Mrs. M. did meet one neighbor who genuinely wanted to be her friend, though one friend is not a community, by any means. Also, the neighbor was an alcoholic, who helped feed Mrs. M.’s traitorous suspicions about her husband with cheerful assurances that “all men play around.” The neighbor worked, but had Wednesdays off. “Every Wednesday she calls me and invites me over,” says Mrs. M. “I don’t really want to go because I know what she really wants is a drinking companion. But then, out of boredom, I go—she’s just down the street. I can feel myself becoming an alcoholic right along with her, simply because I have nothing else to do. Now I find myself, around noon, going to the refrigerator to get myself something—a beer or a glass of wine. I think I’ll just have one beer. But I usually have more. I drink now from noon until the kids come home from school, until there’s somebody else in the house. I know this is not good. Every morning, I think: Well, maybe today I won’t have anything to drink. And then my neighbor calls or comes over, and I have a beer with her, and before I know it I’ve had three or four. And then I think: Oh well, I won’t tomorrow. And then tomorrow comes and I start drinking again, and before I know it, it’s tomorrow and tomorrow and tomorrow.” About a year ago, Mrs. M. tried to break off her friendship with her neighbor. There was an angry quarrel, followed by a reconciliation, followed by a second quarrel and more long, lonely hours, for which Mrs. M. consoled herself with beers from the refrigerator. The M.’s quarreled about Mrs. M.’s drinking, the rising bills for beer and wine, the state of the half-empty house, the lawn, which had grown too tall and rank for the power mower, and about the fact that Mrs. M. was gaining weight. Mrs. M. made a feeble, unsuccessful attempt at suicide—“Mostly to try to get him to pay some attention to me.” Currently, the M.’s are seeing a psychologist and marriage counselor.

“Of course I’ve thought of divorce,” says Mrs. M., “but where could I go, what could I do? We own the house together. He owns the car. My neighbor”—the two are once more friends—“says that the court would give me the house. But how could I make the mortgage payments?” The psychologist, meanwhile, who charges eighty dollars an hour, is adding to the couple’s already overburdened budget and money worries.

Ulrich Franzen is a New York–based architect who has designed a number of expensive houses in Westchester County and on Long Island—houses which favor much use of glass and steel and stone, houses which have won prizes for their design and which have been photographed by all the leading house and architecture magazines. He takes a somewhat cynical view of the houses he builds and of the clients who hire him to build them. “I never pay any attention to what the client says he wants in a house,” says Franzen. “I don’t build the house for the client. I build it for the person who will buy it from the client. I design my houses for the next owners. I started doing this long ago, when I realized that my clients never lived in any of my houses very long.
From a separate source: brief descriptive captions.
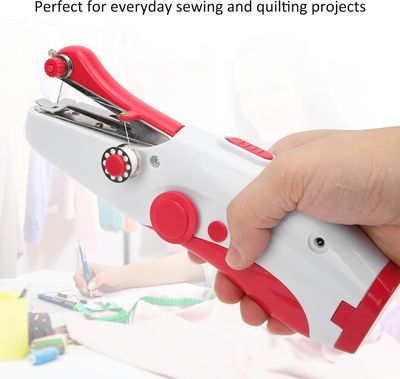 Mini Portable Handheld Sewing Machine – Quick Stitch Tool for Home & Travel_img_0
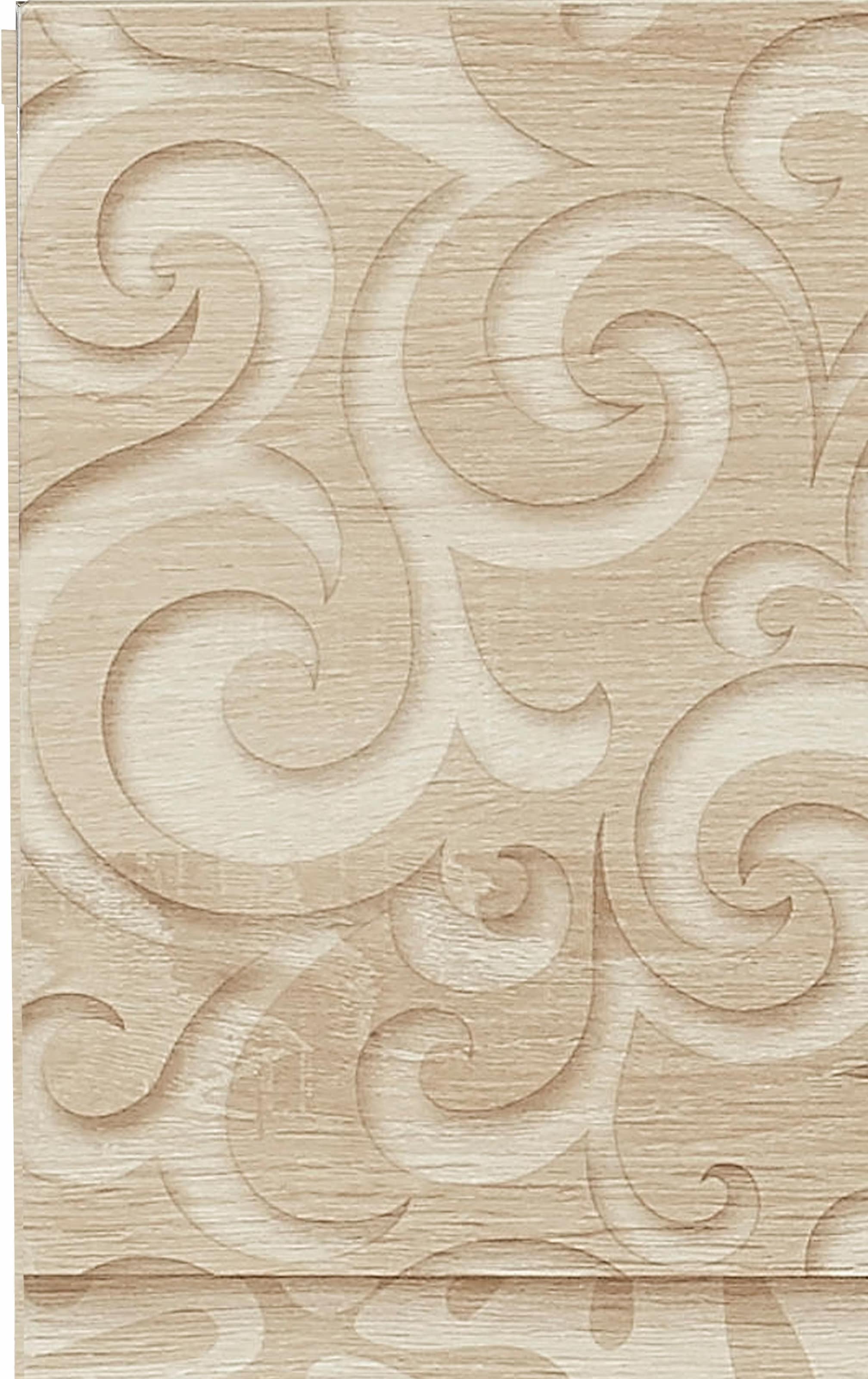 INOSIGN Lowboard »Miro« Breite 181 cm mit dekorativem Siebdruck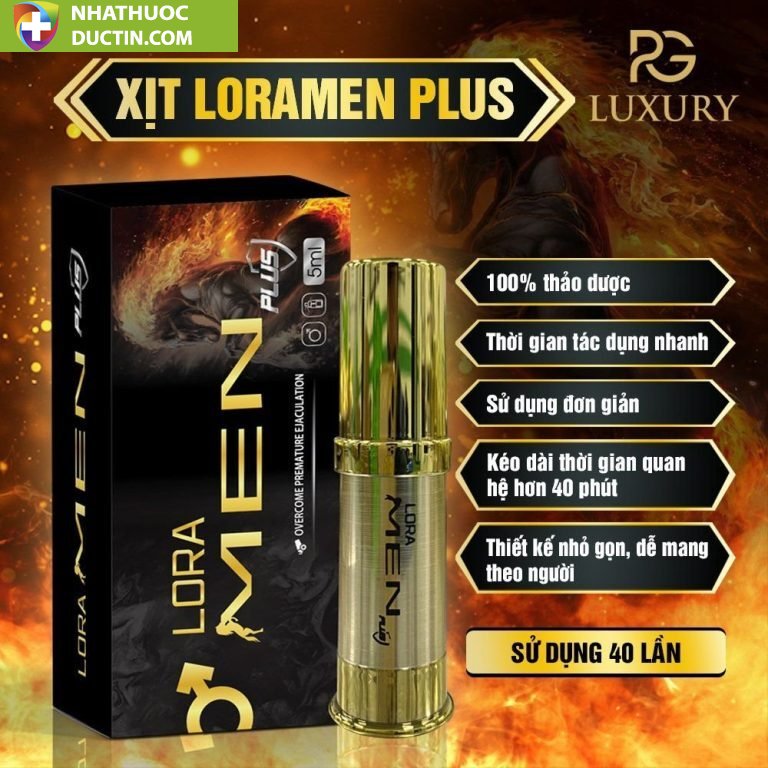Lọ xịt Lora Men - Dành cho nam giới 29 lore2 1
Most couples, when they hire an architect to build them an expensive modern house in the suburbs, think that building the new house will save their marriage. Of course, building a new house won’t save a marriage. When the house is finished, the marriage breaks up anyway, and the house is sold to someone else, who will really appreciate it. Building the new house may postpone the breakup of the marriage for a while, but it will never save it. Building a new house is easy. It’s so much easier to change your address than to change yourself.”